To do ->
Retype every record that appears below, unchanged.

Dataset records ->
■ ■ ■

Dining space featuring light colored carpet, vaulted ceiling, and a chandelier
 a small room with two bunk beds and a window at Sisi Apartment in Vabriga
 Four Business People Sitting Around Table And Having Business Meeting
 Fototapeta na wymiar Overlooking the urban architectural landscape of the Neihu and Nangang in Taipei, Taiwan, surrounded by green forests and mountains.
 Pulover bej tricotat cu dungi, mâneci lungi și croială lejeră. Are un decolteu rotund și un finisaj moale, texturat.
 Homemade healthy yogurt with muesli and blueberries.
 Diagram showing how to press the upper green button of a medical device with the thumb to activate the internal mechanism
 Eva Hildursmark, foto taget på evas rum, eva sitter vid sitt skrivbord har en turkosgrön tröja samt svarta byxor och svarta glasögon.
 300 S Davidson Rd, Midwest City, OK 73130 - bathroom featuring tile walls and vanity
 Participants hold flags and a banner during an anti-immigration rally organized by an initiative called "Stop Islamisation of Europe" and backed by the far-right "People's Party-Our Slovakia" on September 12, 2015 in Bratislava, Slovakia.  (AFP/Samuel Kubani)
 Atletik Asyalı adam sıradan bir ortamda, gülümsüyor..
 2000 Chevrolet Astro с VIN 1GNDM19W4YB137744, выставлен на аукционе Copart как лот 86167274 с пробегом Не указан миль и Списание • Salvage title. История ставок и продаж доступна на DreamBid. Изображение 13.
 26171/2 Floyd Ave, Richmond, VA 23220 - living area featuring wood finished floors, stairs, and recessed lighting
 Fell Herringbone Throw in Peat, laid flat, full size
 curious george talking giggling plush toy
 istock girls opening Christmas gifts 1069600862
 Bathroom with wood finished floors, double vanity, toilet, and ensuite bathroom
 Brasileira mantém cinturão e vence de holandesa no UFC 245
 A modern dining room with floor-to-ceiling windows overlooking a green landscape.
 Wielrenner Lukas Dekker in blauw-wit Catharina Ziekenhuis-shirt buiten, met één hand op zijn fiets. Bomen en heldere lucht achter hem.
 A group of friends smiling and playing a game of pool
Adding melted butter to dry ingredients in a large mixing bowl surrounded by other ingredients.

■ ■ ■

Exercise response ->
Dining space featuring light colored carpet, vaulted ceiling, and a chandelier
 a small room with two bunk beds and a window at Sisi Apartment in Vabriga
 Four Business People Sitting Around Table And Having Business Meeting
 Fototapeta na wymiar Overlooking the urban architectural landscape of the Neihu and Nangang in Taipei, Taiwan, surrounded by green forests and mountains.
 Pulover bej tricotat cu dungi, mâneci lungi și croială lejeră. Are un decolteu rotund și un finisaj moale, texturat.
 Homemade healthy yogurt with muesli and blueberries.
 Diagram showing how to press the upper green button of a medical device with the thumb to activate the internal mechanism
 Eva Hildursmark, foto taget på evas rum, eva sitter vid sitt skrivbord har en turkosgrön tröja samt svarta byxor och svarta glasögon.
 300 S Davidson Rd, Midwest City, OK 73130 - bathroom featuring tile walls and vanity
 Participants hold flags and a banner during an anti-immigration rally organized by an initiative called "Stop Islamisation of Europe" and backed by the far-right "People's Party-Our Slovakia" on September 12, 2015 in Bratislava, Slovakia.  (AFP/Samuel Kubani)
 Atletik Asyalı adam sıradan bir ortamda, gülümsüyor..
 2000 Chevrolet Astro с VIN 1GNDM19W4YB137744, выставлен на аукционе Copart как лот 86167274 с пробегом Не указан миль и Списание • Salvage title. История ставок и продаж доступна на DreamBid. Изображение 13.
 26171/2 Floyd Ave, Richmond, VA 23220 - living area featuring wood finished floors, stairs, and recessed lighting
 Fell Herringbone Throw in Peat, laid flat, full size
 curious george talking giggling plush toy
 istock girls opening Christmas gifts 1069600862
 Bathroom with wood finished floors, double vanity, toilet, and ensuite bathroom
 Brasileira mantém cinturão e vence de holandesa no UFC 245
 A modern dining room with floor-to-ceiling windows overlooking a green landscape.
 Wielrenner Lukas Dekker in blauw-wit Catharina Ziekenhuis-shirt buiten, met één hand op zijn fiets. Bomen en heldere lucht achter hem.
 A group of friends smiling and playing a game of pool
Adding melted butter to dry ingredients in a large mixing bowl surrounded by other ingredients.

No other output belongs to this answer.